Ils et elle nous ont également accordé une interview et nous racontent leur expérience de prépa et de tournage, leur rapport à leur film et aux thématiques qu'ils y abordent.
Voici la vidéo et l'interview de Juliette Marrécau, réalisatrice de De la folie de hamsters, présélectionné dans la catégorie Meilleur court-métrage de fiction.
Synopsis de “De la folie des hamsters” de Juliette Marrécau :
Quittant son père et sa ville d’enfance, Inès (Anaëlle Fournier), idéaliste et maladroite, fait tout pour convaincre sa soeur (Juliette Savary) de la garder dans son petit appartement parisien. Esseulée et en perte de repères, elle se lie d’amitié avec un hamster, qui ne cesse de tourner en rond...
Interview de Juliette Marrécau
Est-ce qu’il y a une scène dans le film que tu aimes particulièrement ? Qui pour toi se détache du reste ?
Oui, celle qui se passe dans la chambre, quand Inès et Alice (les deux sœurs, personnages principaux, en conflit tout au long du film) se réconcilient. C’est celle que j’ai eu le plus de plaisir à faire, parce que c'est des très longs plans, donc il y avait de la place pour le jeu. Au GREC, on fait des films bénévolement, mais il y a un désir d’apprendre, de prendre le temps de tester des choses. Il y a une grande liberté, très précieuse. Pour cette scène, on a pu la faire, la refaire, dès le casting, en répétition, et au plateau. C’est un vrai cadeau ! C’est une des scènes les plus abouties pour moi. C’est aussi LA scène “d’amour” entre les deux sœurs ! Et il n’y a pas beaucoup d’amour ailleurs dans le film…
Ces deux comédiennes, Anaëlle et Juliette, comment les as-tu rencontrées ?

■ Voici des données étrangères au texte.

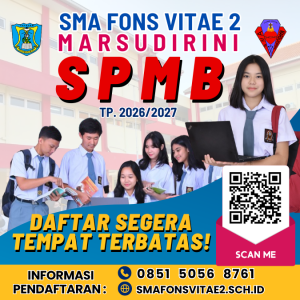 SPMB SMA Fons Vitae 2 Marsudirini Koja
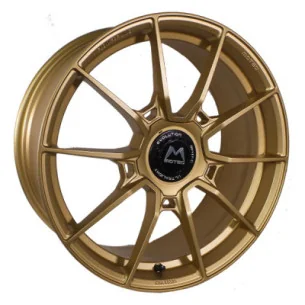 Juego de 4 Llantas MOTEC MCR5 ULTRALIGHT-EVO Oro mate - 8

Dans un casting en grandes pompes ! Le film a pu profiter du partenariat entre le GREC et le CLCF. J’avais une armée d’étudiants pour m’aider à faire le casting, chapeautés par la fabuleuse directrice de casting Maya Serrulla. Ça a duré plus d’une dizaine de jours, ce qui est assez exceptionnel pour un court ! On a rencontré une cinquantaine de comédiennes très talentueuses. C’était fascinant de voir le champ des possibles s’ouvrir avec chacune… Mais quand j’ai vu Anaëlle Fournier, c’était une évidence. Elle correspondait tellement au personnage (Inès) ! Très originale, très libre dans son corps, elle faisait beaucoup de propositions. Je savais que j’allais pouvoir m’amuser et chercher des choses avec elle.
Après il a fallu lui trouver une grande sœur. On a eu beaucoup de chance de trouver Juliette Savary (Alice) ! Je l’avais vu jouer au théâtre et j’avais pensé à elle, parce qu’elle pouvait incarner ce personnage fort, caractériel, mais très vulnérable en même temps. Je voulais qu’on sente qu’elle peut craquer à tout moment, mais que pour l’instant elle tient. Je cherchais pour elle un jeu très fin, très précis, alors que pour Inès, c’était plutôt un bouillonnement, quelque chose qui déborde.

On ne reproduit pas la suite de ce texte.